Sandro Castro volvió a hablar de Cuba y, como casi siempre, terminó diciendo más de sí mismo que del país. Esta vez lo hizo desde Instagram, con una frase que pretendía sonar humana, dolida, patriótica. “Lástima esté pasando por momentos tan duros y difíciles. Lo peor, no vemos la luz al final del túnel”, escribió, adornando el mensaje con banderitas y emojis tristes, como quien pone flores plásticas sobre una ruina real.
Dicho por cualquiera, el comentario podría pasar por honesto. Dicho por el nieto del hombre que dejó a Cuba atrapada en ese túnel, suena a burla involuntaria, a cinismo heredado. Sandro habla de dureza desde una vida blindada por privilegios, rodeado de autos de lujo, fiestas privadas y negocios imposibles para el cubano común. Habla de oscuridad sin haber vivido jamás un apagón con hambre.

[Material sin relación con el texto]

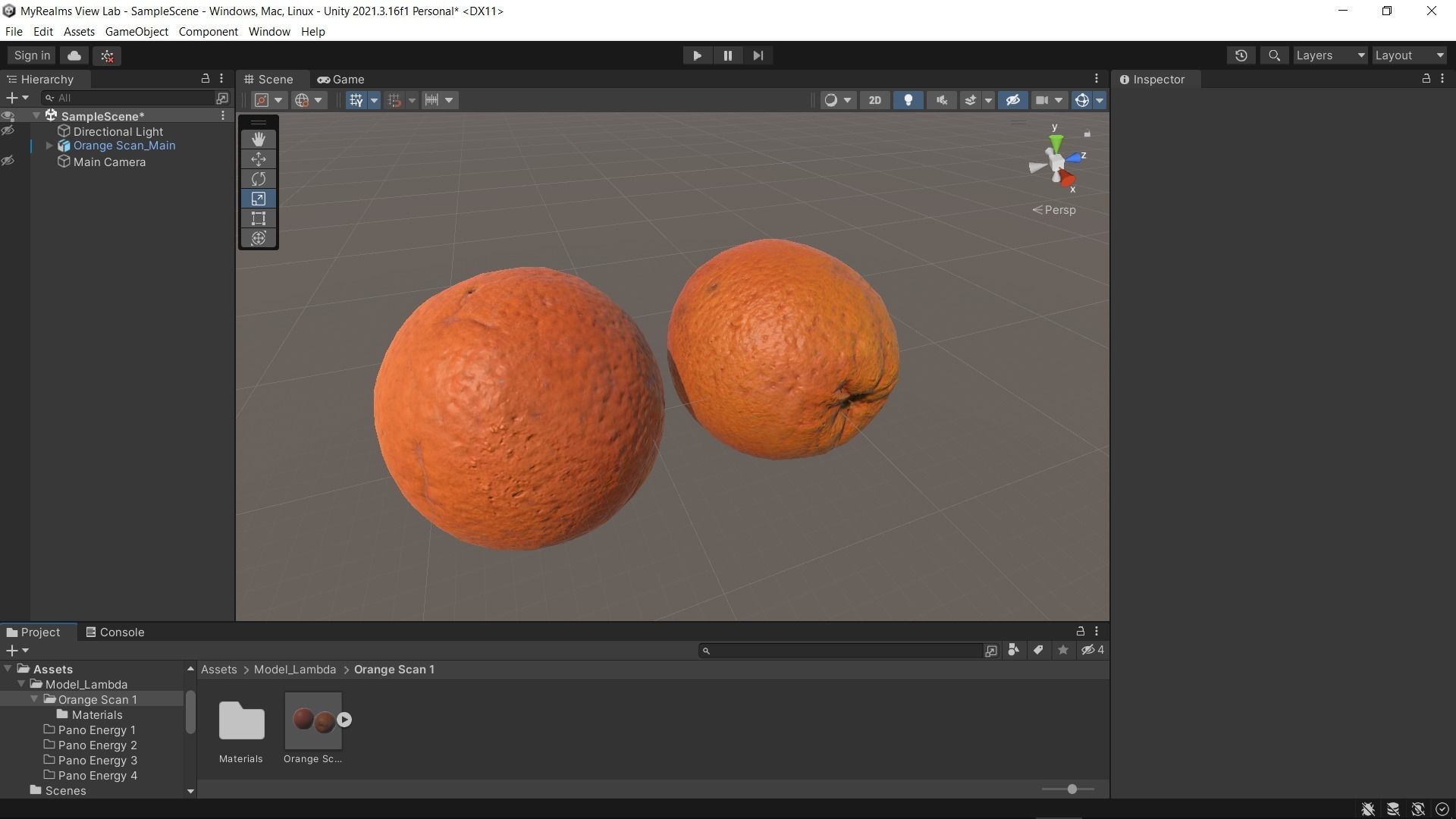 Orange Scan 1 Low-poly 3D model_17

Su frase fue recibida por muchos como una crítica velada al gobierno de Díaz-Canel, pero en realidad funciona más como una exhibición de impunidad. Puede decir lo que quiera porque nadie le va a tocar un pelo. En un país donde opinar cuesta cárcel, Sandro juega al inconforme seguro, al rebelde decorativo que no paga precio alguno.
Ese papel le queda cómodo. Mientras miles de jóvenes cumplen condenas por escribir en redes, él se permite reflexionar sobre el desastre nacional como si fuera un espectador melancólico, no parte del linaje que lo causó. Su tristeza no cuestiona el origen de la catástrofe, solo la administra en frases vagas, sin responsables, sin memoria, sin vergüenza.
No es la primera vez. Hace poco, cuando le preguntaron si le gustaría ser presidente de Cuba, respondió que “quizás” lo sería cuando se acabara el embargo. La frase, entre ingenua y soberbia, dejó claro algo inquietante: para Sandro, el poder sigue siendo un asunto familiar, una opción latente, como una finca que se hereda cuando cambian las condiciones.
Ahí está la grieta real. Mientras Díaz-Canel y la burocracia de la “continuidad” repiten consignas gastadas sobre resistencia y optimismo, el nietísimo se permite admitir lo que el discurso oficial niega: que no hay luz al final del túnel. Y lo dice sin miedo, sin consecuencias, casi con desdén. No como denuncia, sino como recordatorio de jerarquía.
Detrás de su supuesto patriotismo hay populismo hueco y ego inflado. Habla de humanidad, pero nunca de responsabilidad. Habla de dolor, pero nunca de culpa. Nunca del apellido que convirtió a Cuba en un experimento fallido. Su necesidad constante de protagonismo —negar que sea comunista, asegurar que no tiene privilegios, fingir empatía— forma parte de un espectáculo narcisista que se alimenta de provocación.
En esta escena, Sandro no solo se ríe del pueblo. También deja en ridículo a los guardianes del poder. Con una sola frase, desmonta el relato triunfalista del régimen y expone su derrota moral. Porque si hasta el heredero dorado admite que no hay salida, ¿qué queda del cuento oficial?
La contradicción es brutal: un país que predica sacrificio mientras sus herederos viven en abundancia. Ese contraste es hoy el espejo más fiel de Cuba. Sandro no habla por los cubanos. Habla sobre ellos, desde una altura que solo conserva quien nunca ha hecho una cola interminable, nunca ha contado monedas para comprar pan, nunca ha sudado una noche entera sin corriente.
La “luz al final del túnel” que dice no ver no es una confesión sincera. Es una provocación elegante. Una manera de recordarle al país —y a la continuidad— que el apellido Castro sigue teniendo licencia para decir lo que otros no pueden… y seguir brindando después.